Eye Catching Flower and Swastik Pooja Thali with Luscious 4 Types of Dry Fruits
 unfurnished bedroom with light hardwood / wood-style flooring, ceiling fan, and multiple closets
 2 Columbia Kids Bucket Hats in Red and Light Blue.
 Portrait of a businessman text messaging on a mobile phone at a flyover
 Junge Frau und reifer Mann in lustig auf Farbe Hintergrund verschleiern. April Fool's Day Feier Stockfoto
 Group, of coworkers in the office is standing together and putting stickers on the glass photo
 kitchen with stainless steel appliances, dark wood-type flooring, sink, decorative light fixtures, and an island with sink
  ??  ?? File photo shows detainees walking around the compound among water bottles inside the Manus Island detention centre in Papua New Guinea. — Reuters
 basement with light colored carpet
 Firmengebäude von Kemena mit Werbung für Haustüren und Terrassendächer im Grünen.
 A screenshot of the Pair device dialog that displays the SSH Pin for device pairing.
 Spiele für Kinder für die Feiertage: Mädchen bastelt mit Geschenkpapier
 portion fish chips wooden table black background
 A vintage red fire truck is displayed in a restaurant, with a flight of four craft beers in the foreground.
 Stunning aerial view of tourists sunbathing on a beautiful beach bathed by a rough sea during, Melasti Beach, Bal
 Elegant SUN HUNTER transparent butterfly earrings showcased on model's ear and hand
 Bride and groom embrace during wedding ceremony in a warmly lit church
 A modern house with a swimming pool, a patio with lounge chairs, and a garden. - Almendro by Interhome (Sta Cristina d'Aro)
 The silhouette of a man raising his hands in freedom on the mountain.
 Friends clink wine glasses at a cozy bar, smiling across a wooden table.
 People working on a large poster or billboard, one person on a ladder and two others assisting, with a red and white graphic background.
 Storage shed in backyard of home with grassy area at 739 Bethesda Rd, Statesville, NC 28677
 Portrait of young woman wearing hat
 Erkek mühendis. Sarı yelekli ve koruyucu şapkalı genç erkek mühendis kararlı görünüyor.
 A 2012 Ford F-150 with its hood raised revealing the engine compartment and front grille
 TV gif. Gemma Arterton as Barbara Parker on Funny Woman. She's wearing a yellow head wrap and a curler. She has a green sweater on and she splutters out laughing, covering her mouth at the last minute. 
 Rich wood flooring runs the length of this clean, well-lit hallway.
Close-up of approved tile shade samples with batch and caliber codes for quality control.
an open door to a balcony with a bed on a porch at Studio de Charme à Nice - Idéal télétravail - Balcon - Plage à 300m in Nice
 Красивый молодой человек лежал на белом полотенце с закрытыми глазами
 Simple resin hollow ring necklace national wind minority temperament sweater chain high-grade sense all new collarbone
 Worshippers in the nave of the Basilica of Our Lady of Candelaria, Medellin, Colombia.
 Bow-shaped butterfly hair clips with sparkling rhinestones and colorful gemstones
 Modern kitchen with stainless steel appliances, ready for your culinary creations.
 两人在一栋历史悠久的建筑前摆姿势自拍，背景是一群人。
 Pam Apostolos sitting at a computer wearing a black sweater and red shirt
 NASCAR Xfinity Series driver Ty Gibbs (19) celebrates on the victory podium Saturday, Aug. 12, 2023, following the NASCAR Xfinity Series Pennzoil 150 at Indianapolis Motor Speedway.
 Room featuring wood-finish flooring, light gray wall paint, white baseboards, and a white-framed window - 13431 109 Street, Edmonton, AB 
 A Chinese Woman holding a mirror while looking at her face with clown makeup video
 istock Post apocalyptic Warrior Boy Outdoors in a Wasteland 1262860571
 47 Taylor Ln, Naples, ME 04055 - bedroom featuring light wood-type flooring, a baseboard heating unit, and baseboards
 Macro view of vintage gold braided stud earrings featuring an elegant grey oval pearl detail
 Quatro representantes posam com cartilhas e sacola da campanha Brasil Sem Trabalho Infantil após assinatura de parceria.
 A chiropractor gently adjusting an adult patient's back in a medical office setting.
################
*EXERCISE REQUIREMENTS*.
Gather every line from the entries above where the word "white" appears, and copy them.

*WORKED SOLUTION*.
 People working on a large poster or billboard, one person on a ladder and two others assisting, with a red and white graphic background.
 Room featuring wood-finish flooring, light gray wall paint, white baseboards, and a white-framed window - 13431 109 Street, Edmonton, AB 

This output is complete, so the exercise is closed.